What you have is a Clausing 111 that must have been made right after Atlas Press bought Clausing circa 1949/50.  Atlas changed the nameplates to say Atlas and then changed all of the model numbers.  The 100-3 became the 4800.  Then customer push-back reputably including some large order cancellations caused them to change the name on the nameplates back to Clausing.

Anyway, you will have a better chance of finding the parts that you need if you post in the Clausing Forum.  So in the next few minutes, I will move your thread over there.


----------



## WEL0058 (Aug 26, 2020)

Nice lathe.   Are you going to repaint it.  Make a good Project

By the way what is the serial number?  It is stamped into the end of the lathe bed by the tail stock.
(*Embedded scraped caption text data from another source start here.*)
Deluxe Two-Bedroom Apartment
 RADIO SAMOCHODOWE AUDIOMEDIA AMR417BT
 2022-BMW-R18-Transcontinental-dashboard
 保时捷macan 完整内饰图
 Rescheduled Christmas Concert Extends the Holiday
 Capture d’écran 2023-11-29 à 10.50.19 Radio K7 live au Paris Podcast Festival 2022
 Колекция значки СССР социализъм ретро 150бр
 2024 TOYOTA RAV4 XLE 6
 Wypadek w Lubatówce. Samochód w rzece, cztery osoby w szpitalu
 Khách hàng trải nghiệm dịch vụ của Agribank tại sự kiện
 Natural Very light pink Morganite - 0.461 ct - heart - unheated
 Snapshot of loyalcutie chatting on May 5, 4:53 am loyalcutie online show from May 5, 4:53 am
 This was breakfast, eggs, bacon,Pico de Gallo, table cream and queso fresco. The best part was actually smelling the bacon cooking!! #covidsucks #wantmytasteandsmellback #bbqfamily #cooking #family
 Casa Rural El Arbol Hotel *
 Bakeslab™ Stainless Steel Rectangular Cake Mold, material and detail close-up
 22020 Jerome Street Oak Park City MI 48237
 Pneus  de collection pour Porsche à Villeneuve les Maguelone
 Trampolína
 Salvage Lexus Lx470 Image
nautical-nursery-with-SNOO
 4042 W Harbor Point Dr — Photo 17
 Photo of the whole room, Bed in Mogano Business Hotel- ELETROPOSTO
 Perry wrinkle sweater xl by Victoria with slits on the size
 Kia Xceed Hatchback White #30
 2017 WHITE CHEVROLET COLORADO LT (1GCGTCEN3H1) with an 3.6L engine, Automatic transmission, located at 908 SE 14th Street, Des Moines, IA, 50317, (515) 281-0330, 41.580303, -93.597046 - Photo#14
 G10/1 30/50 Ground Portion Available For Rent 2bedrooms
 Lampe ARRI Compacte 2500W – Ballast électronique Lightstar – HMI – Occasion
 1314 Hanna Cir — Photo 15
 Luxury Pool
My lathe serial# is 5396 which was sold in 1946. Believe so of the casting where cast in 1945 due to imperfection.

Bob G.


----------



## tsd63 (Aug 30, 2020)

My serial is 7816. I've taken off the cross slide saddle and tailstock to clean the surface rust off the ways. Just a little WD40 and some kitchen scotch brite pads. Came right off. The cross slide lead screw and nut were ruined so thankfully they still make the nut and I pieced together a new left hand screw onto the old shaft. Removed all the gears from the head stock and unstuck the range gear that wouldn't move. 
Then went through the saddle gearbox and cleaned everything. The friction feed clutch must have been tightened with a wrench cause it was stuck bad. My first attempt at making split nuts were out of aluminium just to see if my measurements were right. I got the pins about .060 off center so I'll try that again later. I won't be turning threads anytime soon anyway. Ran some oil thru the spindle bearings while running slow to wash out the dirty stuff before adjusting them. Been cleaning and painting as I go along.  I've got a few pics I'll attach. Threw in a couple of pics of my Reid 618H that I'm going through. Had to make slide oiling rolls cause some were missing.


----------



## WEL0058 (Sep 22, 2020)

Any progress?

You mention needing split nut.  The person you want to talk to is Tom McNett.  He is the goto guy for vintage Clausing parts.  His email is:  TMcNett@clausingsc.com

I just ordered this split nut... Q-395 Split Nut 7/8” -8 tpi. $94

https://www.hobby-machinist.com/threads/my-clausing-100-mk-3-serial-5396.78622/post-779028

Duh - Your leadscrew is probably 3/4” - 8 tip.   Clausing had them in stock ten years ago.

Also bought crossfeed and compound lead screw nuts from this company.  Good fit...
https://bmpartstech.com/product-category/clausing-lathe-parts/


Bob G.


----------